With microinverters, each panel is individually monitored, thus removing the need for DC cabling.  This architecture distributes the overall risk of failure among all the panels in the installation, and relies on information technology to identify and isolate failed panels.  By contrast, central inverters have a single point of failure, which can lead to longer periods of downtime if that inverter fails.  With maximum power point tracking (MPPT) at the panel level instead of the string level, microinverters are ideally suited for residential and small commercial systems that are likely to be shaded more often that centralized solar power plants in the desert.  Microinverter companies claim their technologies reduce the overall levelized cost of energy (LCOE) by 15% to 20% as compared to string inverters.  Individual modules can also be shut down remotely and, with AC electricity, safety is increased for installers.  Microinverter manufacturer Enphase Energy claimed to have 34% of the California residential market in 2011, based on wattage.

The downside of microinverters is that they are typically two to three times as expensive as string inverters and have lower efficiencies (although they do typically result in a better overall energy harvest).  While the distributed architecture removes the risk of a single point of failure, many more electronics are being introduced to the PV system.  Startup microinverter companies claim higher reliability than string inverters, but microinverters have not been used long enough to test this claim.  Furthermore, placing microinverters on the back of a panel and on a roof could increase the risk of heat damage to the inverter due to higher rooftop temperatures, compared to string and central inverters, which are normally housed elsewhere.

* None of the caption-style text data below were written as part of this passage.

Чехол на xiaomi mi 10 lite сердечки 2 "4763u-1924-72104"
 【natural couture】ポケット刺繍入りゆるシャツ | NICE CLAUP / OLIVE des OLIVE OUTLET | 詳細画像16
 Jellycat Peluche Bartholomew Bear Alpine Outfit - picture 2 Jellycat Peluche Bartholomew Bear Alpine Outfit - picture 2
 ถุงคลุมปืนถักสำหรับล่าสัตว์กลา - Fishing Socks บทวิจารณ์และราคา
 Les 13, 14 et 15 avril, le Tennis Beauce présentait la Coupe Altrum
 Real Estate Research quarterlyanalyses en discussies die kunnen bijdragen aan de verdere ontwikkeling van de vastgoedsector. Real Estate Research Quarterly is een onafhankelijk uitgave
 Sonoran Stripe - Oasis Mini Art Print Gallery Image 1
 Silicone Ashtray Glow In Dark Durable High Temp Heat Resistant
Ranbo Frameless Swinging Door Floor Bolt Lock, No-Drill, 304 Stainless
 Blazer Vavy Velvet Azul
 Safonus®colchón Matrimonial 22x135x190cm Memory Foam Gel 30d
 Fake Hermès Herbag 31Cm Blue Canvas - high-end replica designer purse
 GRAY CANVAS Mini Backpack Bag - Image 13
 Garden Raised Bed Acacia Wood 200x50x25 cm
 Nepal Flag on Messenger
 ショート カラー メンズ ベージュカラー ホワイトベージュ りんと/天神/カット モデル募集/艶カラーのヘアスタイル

The future of microinverters could very possibly end up being with fully integrated AC panels, of the type that SolarBridge Technologies and SunPower are experimenting with.  Under this architecture, the microinverter is pre-installed on the module at the factory.  The main value-add is the reduction in installation time from not having to separately install the microinverter or AC bus cabling at the job site.

Despite the doom and gloom in the headlines, and as we describe in the recently published Renewable Distributed Energy Generation report, the future of distributed solar PV is bright. Microinverters will continue to play an increasingly important role in this future.